## Entries shown
* * * *

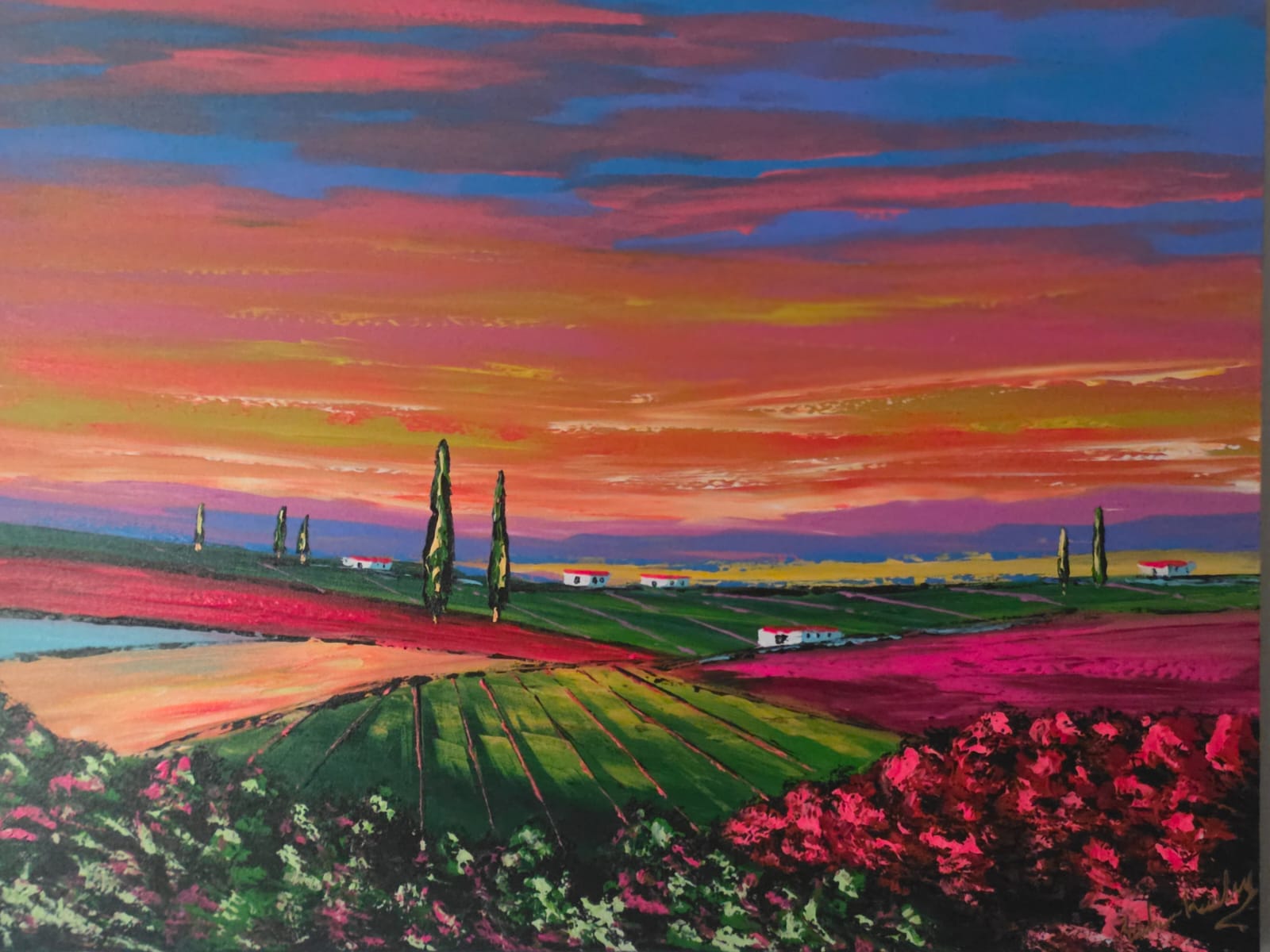 sunset dream sunset dream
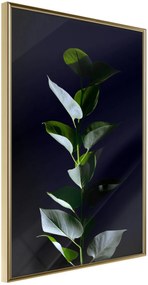 Αφίσα - Floral Elegance - 30x45 - Χρυσό - Χωρίς πασπαρτού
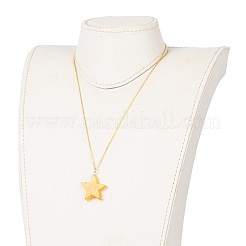 Colliers pendentif étoile en agate naturelle&nbsp;NJEW-JN03238-03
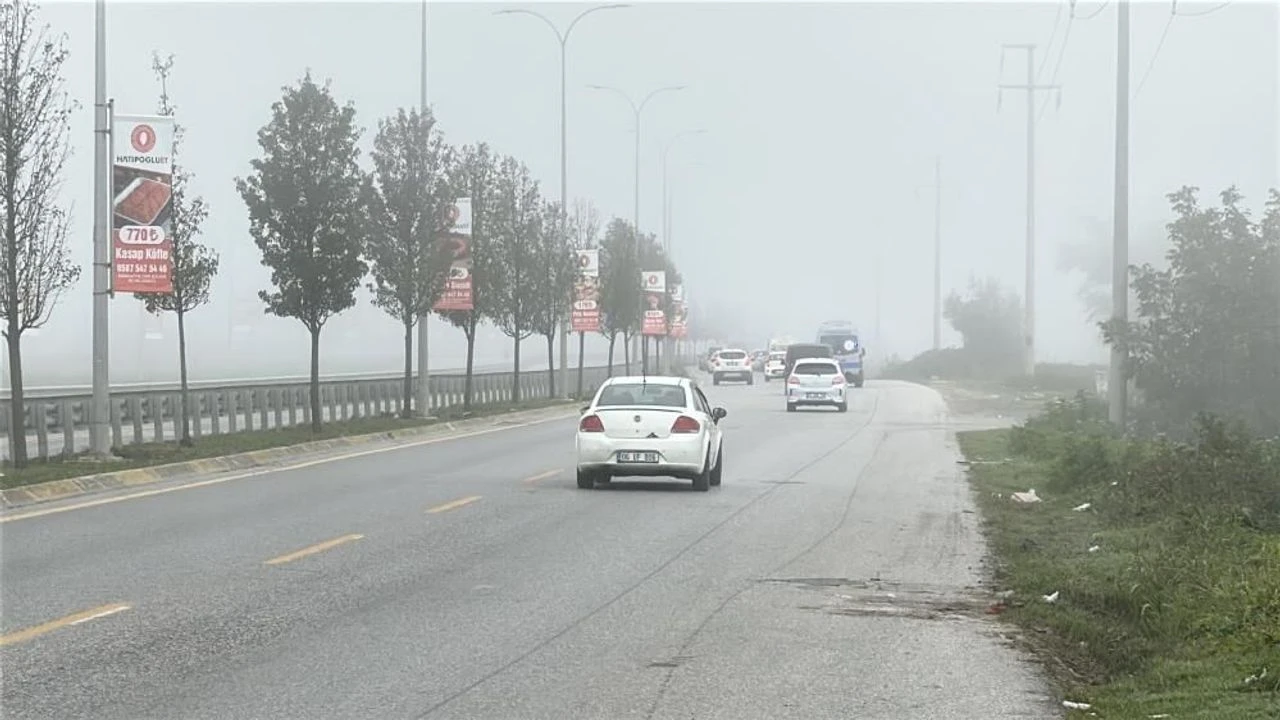 Sakarya'da sis görüş mesafesini düşürdü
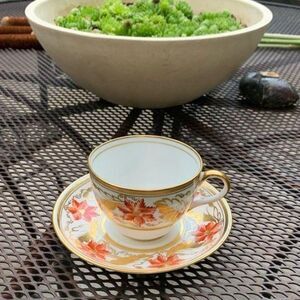 Royal Chelsea Orange Poppy Teacup Set Gold Scroll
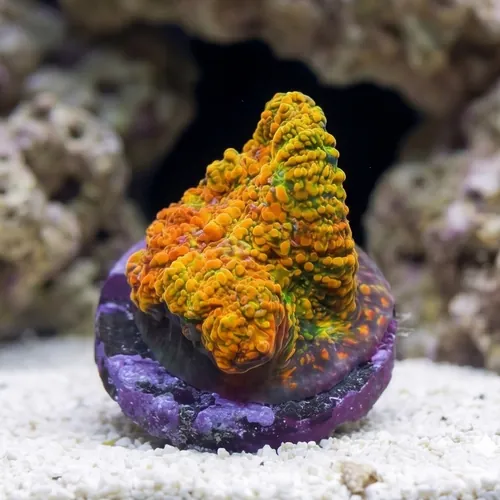 Chalice Coral: Stellaria - Aquacultured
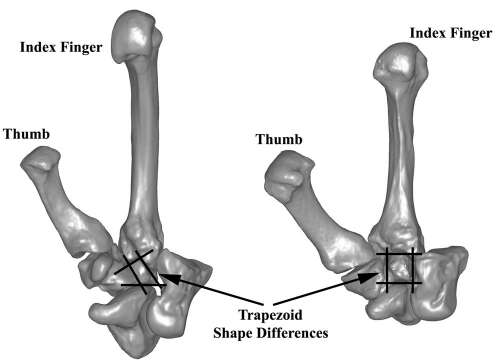 En 2007, Matthew Tocheri, du Museum d'histoire naturelle de Washington, avait comparé trois os du poignet de l'Homme de Florès (le scaphoïde, le trapézoïde et le capitatum) à ceux de l'Homme moderne, de l'Homme de Néandertal, de l'australopithèque, du gorille et du chimpanzé. Sa conclusion excluait l'hypothèse d'un nanisme et il soulignait la ressemblance avec les os de singes. © Matthew Tocheri, Science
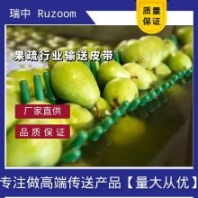 RUZOOM瑞中土豆紫外线皮带线果蔬辐射加工插花苹果高冲击高磨损延伸输送带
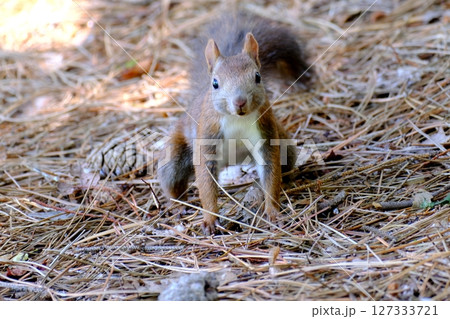 北海道の公園に生息する野生のエゾリス 127333721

* * * *

## What the task asks
Only the lines from the one containing "En 2007, Matthew" through the last line of the entries above belong in the copy; reproduce them exactly and drop every picture.

## Output of the task
 En 2007, Matthew Tocheri, du Museum d'histoire naturelle de Washington, avait comparé trois os du poignet de l'Homme de Florès (le scaphoïde, le trapézoïde et le capitatum) à ceux de l'Homme moderne, de l'Homme de Néandertal, de l'australopithèque, du gorille et du chimpanzé. Sa conclusion excluait l'hypothèse d'un nanisme et il soulignait la ressemblance avec les os de singes. © Matthew Tocheri, Science
 RUZOOM瑞中土豆紫外线皮带线果蔬辐射加工插花苹果高冲击高磨损延伸输送带
 北海道の公園に生息する野生のエゾリス 127333721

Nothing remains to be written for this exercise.